Но не было фильтра, значит не было и воды для питья; лежать, укрывшись поверх одежды одеялом, было ужасно жарко. Брат проявил благоразумие и стойко переносил жажду, но в этой деревне все равно так легко было заболеть, что я решил рискнуть и осушил две грязные фляги пальмового вина. Затем пришлось перейти на чистое виски. Хижина оказалась слишком мала, чтобы можно было растянуть гамаки во всю длину; мы устроились в них сидя, беспомощно ожидая нашествия крыс.
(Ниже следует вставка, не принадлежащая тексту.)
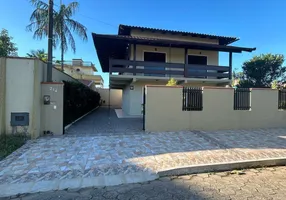 Foto 1 de Casa com 3 Quartos à venda, 268m² em Meia Praia, Navegantes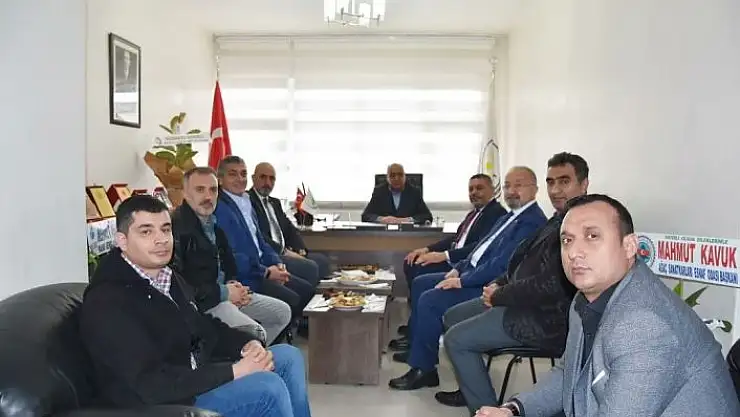 'Başkan Sadıkoğlu: ''Esnaf odalarını önemsiyoruz'''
Где-то под крышей билась летучая мышь, и, прежде чем погас фонарь, я заметил, что на стене притаилось несколько огромных тараканов.
И тут счастье нам улыбнулось. Словно судьба просто полюбопытствовала, как мы отнесемся к ее ударам. Откуда ни возьмись, появились носильщики; их шествие замыкал скаливший зубы радостный и гордый Ванде. Каким-то образом ему удалось уговорить остальных перебраться в этом кромешном мраке через реку, и вот они возникли перед нами с койками, сетками, продовольствием и фильтром; дойдя до нашей хижины, они бросились на землю, не в силах даже роптать. Итак, в конце концов сетки надежно защитили нас от всех и всяческих бед — от мух, жужжавших всю ночь напролет, от москитов, тараканов и крыс. Но заснуть все же было не так-то легко. У порога вокруг фонарей сидели за трапезой носильщики, и, по мере того как к ним возвращались силы, все отчетливей слышался голос Альфреда, сеявшего среди них смуту. Как только их фонари погасли, нагрянули крысы. Они нагрянули скопом, низвергаясь со стен целыми потоками. Всю ночь они резвились среди наших ящиков, а снаружи коровы обнюхивали стены и мочились с превеликим шумом. Тропическая блоха, которая въелась мне под ноготь, немилосердно жгла палец ноги. А в шестом часу утра деревня уже бодрствовала.